Turman explained her division’s role at the FBI.

“People have different time frames
when they recover or cope with
these things,” she said. “But it’s the
immediate aftermath, if you do it
well, that helps people on the road to
coping and kind of adjusting to life
afterwards.”

Such horrific events as 9/11 have been such a part of the historical
landscape of America this century. Just consider the subsequent
terrorism or mass shootings she and her group with the FBI have
encountered since 2001. There was the bombing at the Boston
marathon and then the shootings at the Orlando nightclub and
the Las Vegas concert, just to name a few. “It is always difficult
and part of the reason for my retirement was that at some point
you are just spent,” Turman said. “But through our work, we
have seen people overcome their hardships and your faith in
people is restored.”


When Turman announced her retirement plans, Mueller was
effusive with his praise of her character, compassion and body of
work. “Kathryn is compassionate in the fullest sense of the word,”
Mueller said. “She doesn’t observe the suffering of others; she
enters into it. She has borne witness to the unimaginable pain of
countless victims.”


As a native of Tyler and a UT graduate, Turman remembers tragic
events and their effect on the American psyche as far back as the
Charles Whitman shootings from the tower on the Austin campus
in 1966. But she also remembers the uplifting memorable moments
like the first walk on the moon in 1969. “We all remember where
we were that July night,” Turman said. “It was the summer after
my 9th grade in school so I was at a friend’s house watching and
then never looked at the moon in the same way again.”

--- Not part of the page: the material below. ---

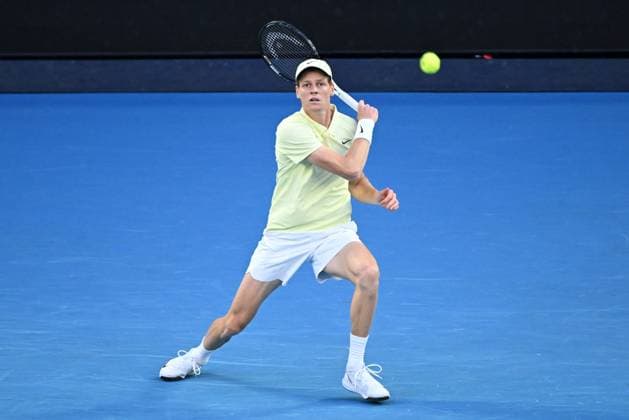 TENNIS AUSTRALIAN OPEN, Italian tennis player Jannik Sinner in action during the Men s Singles Semifinals match against American tennis player Ben Shelton on day 13 of the 2025 Australian Open at Rod Laver Arena in Melbourne, Friday, January 24th, 2025. ( NO ARCHIVING, EDITORIAL USE ONLY, NO USE IN BOOKS WITHOUT CONSENT MELBOURNE VICTORIA AUSTRALIA  Copyright: xJAMESxROSSx 20250124186983696144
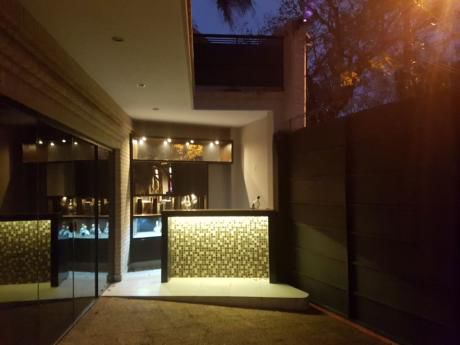 Moderno Duplex En Barrio Herrera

Turman recounted a funny story relating to the moon walk.
“I remember meeting the late Dick Bass of Dallas and he was
quite gregarious and well-traveled,” she said. “He was an avid
mountain climber and flying somewhere to connect on a flight
to go and climb Mount Kilimanjaro again. He kept regaling the
guy seated next to him with tales of his adventures and finally,
just as they landed, apologized and asked the man his name. It
was Neal Armstrong!”


Turman also recalled the late Walter Cronkite sharing his memory
of covering the New London school disaster of 1937, when 295
children and teachers perished in Rusk County. “He told me he
never got over that assignment. It was something he said he could
never erase from his mind.”


Of her own childhood memories in Tyler, Turman enjoyed
recounting a simpler time and place. She still visits her mother in
Tyler while her two brothers Steve and Keith now live in Iowa and
Dallas, respectively.


“I’m looking forward to my retirement and working in the
garden,” Turman said. “And I am proud of what we were able to
do to help people through our division of the FBI.” The current
director of the FBI, Christopher Wray, cited novelist Ray Bradbury
when commenting on Turman’s retirement. Bradbury wrote this:
“It doesn’t matter what you do, so long as you change something
from the way it was before you touched it to something that is like
you when you take your hands away.”

Turman, with her tireless dedication to helping others, did just that.